- **TASK OBJECTIVE**: What you return must be an exact copy of the lines in the listing below between the line holding "THE UPSIDE women's" and the line holding "Performers from The", inclusive, and nothing more.

# # # # # # #

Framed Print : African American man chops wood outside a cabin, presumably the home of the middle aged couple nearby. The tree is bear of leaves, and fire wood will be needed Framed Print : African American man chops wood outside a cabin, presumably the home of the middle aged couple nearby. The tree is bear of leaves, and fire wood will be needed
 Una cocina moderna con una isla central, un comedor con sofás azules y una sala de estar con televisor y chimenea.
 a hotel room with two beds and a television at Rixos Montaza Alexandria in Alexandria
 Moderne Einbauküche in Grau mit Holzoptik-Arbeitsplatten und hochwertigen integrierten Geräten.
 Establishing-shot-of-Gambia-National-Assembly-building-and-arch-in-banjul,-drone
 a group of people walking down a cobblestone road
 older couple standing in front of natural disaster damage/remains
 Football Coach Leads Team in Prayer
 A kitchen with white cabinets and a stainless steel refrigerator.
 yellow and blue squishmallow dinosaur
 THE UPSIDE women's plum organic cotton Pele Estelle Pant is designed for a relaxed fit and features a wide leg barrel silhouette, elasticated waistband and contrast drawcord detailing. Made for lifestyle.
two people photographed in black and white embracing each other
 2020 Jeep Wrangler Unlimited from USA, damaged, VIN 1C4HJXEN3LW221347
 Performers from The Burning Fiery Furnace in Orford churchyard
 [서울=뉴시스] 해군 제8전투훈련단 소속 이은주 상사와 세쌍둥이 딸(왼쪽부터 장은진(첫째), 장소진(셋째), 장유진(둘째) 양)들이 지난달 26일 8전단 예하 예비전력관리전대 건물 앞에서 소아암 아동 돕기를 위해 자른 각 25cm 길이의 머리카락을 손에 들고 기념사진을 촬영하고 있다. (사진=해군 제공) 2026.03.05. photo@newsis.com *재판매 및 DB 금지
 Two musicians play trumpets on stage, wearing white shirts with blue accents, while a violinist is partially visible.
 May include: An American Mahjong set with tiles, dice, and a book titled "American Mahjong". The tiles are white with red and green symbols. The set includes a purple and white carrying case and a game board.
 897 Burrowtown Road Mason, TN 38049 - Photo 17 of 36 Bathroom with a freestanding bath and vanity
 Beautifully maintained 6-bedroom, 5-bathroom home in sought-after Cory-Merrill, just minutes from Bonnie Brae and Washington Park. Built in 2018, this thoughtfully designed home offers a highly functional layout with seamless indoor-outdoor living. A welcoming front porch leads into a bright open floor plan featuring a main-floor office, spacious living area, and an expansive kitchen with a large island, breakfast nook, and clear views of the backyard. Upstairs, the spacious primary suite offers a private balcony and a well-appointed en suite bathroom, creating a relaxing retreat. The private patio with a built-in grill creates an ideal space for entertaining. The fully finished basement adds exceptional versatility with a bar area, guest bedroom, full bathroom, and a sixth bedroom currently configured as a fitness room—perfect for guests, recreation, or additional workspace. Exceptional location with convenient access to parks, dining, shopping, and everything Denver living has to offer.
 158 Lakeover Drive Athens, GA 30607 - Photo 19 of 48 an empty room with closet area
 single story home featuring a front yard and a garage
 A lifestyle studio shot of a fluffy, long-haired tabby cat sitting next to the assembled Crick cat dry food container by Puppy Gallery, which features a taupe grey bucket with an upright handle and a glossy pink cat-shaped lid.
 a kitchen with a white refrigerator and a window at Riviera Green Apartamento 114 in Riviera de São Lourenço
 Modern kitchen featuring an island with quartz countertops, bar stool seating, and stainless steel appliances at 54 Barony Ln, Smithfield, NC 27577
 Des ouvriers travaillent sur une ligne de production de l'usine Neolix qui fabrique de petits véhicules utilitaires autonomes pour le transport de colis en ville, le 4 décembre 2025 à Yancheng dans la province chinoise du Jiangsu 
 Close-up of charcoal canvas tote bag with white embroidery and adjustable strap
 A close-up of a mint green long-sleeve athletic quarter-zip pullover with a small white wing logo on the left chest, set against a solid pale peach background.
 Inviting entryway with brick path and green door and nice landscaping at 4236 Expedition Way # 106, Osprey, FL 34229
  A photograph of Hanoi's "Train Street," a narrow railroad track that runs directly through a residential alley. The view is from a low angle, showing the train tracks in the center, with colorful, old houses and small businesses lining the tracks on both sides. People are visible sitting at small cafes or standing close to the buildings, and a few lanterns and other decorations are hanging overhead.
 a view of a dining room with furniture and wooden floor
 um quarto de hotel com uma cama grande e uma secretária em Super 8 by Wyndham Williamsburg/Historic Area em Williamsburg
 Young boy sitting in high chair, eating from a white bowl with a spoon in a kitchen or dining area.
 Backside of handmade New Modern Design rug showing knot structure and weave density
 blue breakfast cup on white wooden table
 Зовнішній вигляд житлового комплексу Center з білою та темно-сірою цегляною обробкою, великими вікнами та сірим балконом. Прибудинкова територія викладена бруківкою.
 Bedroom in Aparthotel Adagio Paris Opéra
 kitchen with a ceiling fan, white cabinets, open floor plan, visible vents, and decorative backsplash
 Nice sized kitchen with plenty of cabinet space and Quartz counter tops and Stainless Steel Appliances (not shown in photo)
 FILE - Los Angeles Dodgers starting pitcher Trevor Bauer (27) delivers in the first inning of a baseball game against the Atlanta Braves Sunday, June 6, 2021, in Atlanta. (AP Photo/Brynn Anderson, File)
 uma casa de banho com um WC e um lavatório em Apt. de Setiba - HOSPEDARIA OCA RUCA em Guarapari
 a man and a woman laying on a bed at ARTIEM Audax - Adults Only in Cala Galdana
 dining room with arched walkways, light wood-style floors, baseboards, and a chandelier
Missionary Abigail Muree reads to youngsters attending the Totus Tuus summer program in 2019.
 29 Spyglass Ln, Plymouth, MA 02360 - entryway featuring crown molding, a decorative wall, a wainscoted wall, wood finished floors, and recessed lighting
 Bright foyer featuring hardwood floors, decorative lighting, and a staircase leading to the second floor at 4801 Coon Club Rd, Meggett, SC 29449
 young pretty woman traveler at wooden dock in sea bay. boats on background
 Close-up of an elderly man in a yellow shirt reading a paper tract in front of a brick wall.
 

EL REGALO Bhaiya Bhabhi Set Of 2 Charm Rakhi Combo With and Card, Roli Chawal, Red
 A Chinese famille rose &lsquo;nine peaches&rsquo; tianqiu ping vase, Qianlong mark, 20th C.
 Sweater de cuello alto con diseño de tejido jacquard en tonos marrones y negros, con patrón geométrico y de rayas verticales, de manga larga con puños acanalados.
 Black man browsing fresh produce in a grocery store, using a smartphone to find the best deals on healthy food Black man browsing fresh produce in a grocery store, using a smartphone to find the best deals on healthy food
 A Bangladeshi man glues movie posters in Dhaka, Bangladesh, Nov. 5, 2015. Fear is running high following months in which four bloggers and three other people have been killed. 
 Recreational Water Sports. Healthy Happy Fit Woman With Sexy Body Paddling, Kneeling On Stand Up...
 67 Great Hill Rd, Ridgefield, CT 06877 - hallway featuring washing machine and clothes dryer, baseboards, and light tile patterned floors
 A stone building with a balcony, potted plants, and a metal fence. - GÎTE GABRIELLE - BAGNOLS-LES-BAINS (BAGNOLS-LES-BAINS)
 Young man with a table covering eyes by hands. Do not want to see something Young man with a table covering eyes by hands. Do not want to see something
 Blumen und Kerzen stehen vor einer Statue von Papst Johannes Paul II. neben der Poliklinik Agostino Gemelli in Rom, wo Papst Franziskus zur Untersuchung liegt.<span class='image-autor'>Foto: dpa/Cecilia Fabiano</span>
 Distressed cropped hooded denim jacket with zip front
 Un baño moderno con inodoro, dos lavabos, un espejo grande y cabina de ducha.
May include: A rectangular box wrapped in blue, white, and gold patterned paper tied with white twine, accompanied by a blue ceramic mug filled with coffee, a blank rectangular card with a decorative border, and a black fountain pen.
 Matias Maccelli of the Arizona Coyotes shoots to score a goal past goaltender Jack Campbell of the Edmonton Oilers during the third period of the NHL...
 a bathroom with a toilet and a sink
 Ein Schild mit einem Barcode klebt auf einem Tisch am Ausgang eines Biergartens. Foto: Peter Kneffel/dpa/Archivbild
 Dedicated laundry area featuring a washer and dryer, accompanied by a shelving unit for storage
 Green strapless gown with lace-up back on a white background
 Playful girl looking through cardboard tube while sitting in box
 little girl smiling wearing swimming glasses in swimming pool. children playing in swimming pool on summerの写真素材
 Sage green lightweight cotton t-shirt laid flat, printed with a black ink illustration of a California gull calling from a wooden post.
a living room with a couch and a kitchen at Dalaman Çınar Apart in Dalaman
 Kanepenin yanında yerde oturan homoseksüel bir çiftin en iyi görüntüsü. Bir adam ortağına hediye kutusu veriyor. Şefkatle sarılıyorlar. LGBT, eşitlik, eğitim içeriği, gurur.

# # # # # # #

- **SOLUTION TO THE PROBLEM**:
 THE UPSIDE women's plum organic cotton Pele Estelle Pant is designed for a relaxed fit and features a wide leg barrel silhouette, elasticated waistband and contrast drawcord detailing. Made for lifestyle.
two people photographed in black and white embracing each other
 2020 Jeep Wrangler Unlimited from USA, damaged, VIN 1C4HJXEN3LW221347
 Performers from The Burning Fiery Furnace in Orford churchyard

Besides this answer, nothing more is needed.